Indeed, state Attorney General Dave Yost spent much of the past week effectively dubbing the story a hoax, suggesting he had heard nothing about any such crime being reported.
“We have a decentralized law enforcement system in Ohio, but we have regular contact with prosecutors and local police and sheriffs,” Yost said in a Fox News segment Monday. “Not a whisper anywhere.”

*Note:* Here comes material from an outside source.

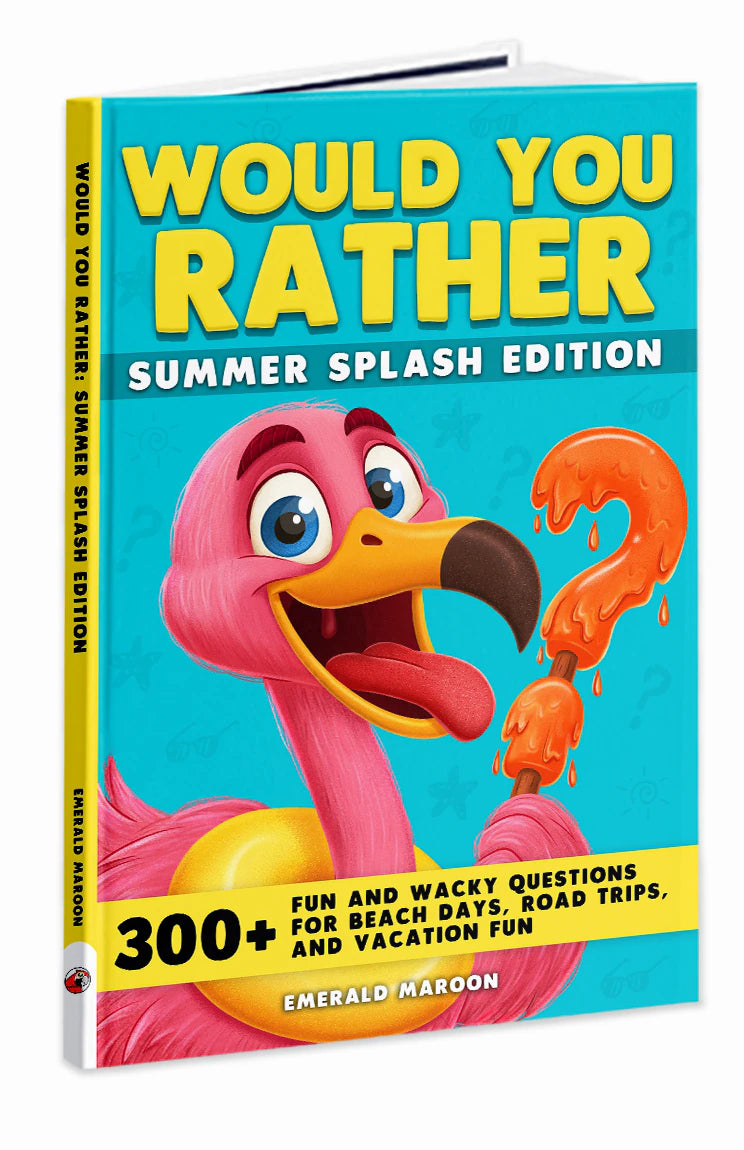 Would You Rather Summer Splash Edition by Emerald Maroon, the book standing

Yost released a statement Wednesday afternoon that did not address his previous comments.
“My heart aches for the pain suffered by this young child,” he said. “I am grateful for the diligent work of the Columbus Police Department in securing a confession and getting a rapist off the street.”
Yost’s Democrat challenger in this fall’s election, Jeff Crossman, blasted his 65-year-old opponent in a statement to The Daily Beast on Wednesday.
“After implementing a six-week abortion ban without exemptions for rape or incest, Dave Yost rushed to get himself on national TV to criticize the story of a 10-year-old rape victim, calling the story a ‘fabrication,’” said Crossman, currently a state representative.
“... Yost must immediately apologize to this young girl, her family and all Ohioans and start working to roll back this harmful policy that helped make a terrible tragedy even worse,” Crossman added.
While Yost and others declared the story was fabricated, those directly involved foreshadowed Wednesday’s arrest announcement.
Dr. Caitlin Bernard, the Indianapolis obstetrician-gynecologist who first described the rape and its aftermath to the Indy Star, previously told The Daily Beast she expected vindication.
“It will all come out in time,” she said via text message on Tuesday.
Court records show Fuentes is being held on a bond of $2 million. The judge said he was considered a flight risk and, given the brutality of the crime, a high bail was necessary to protect the child involved.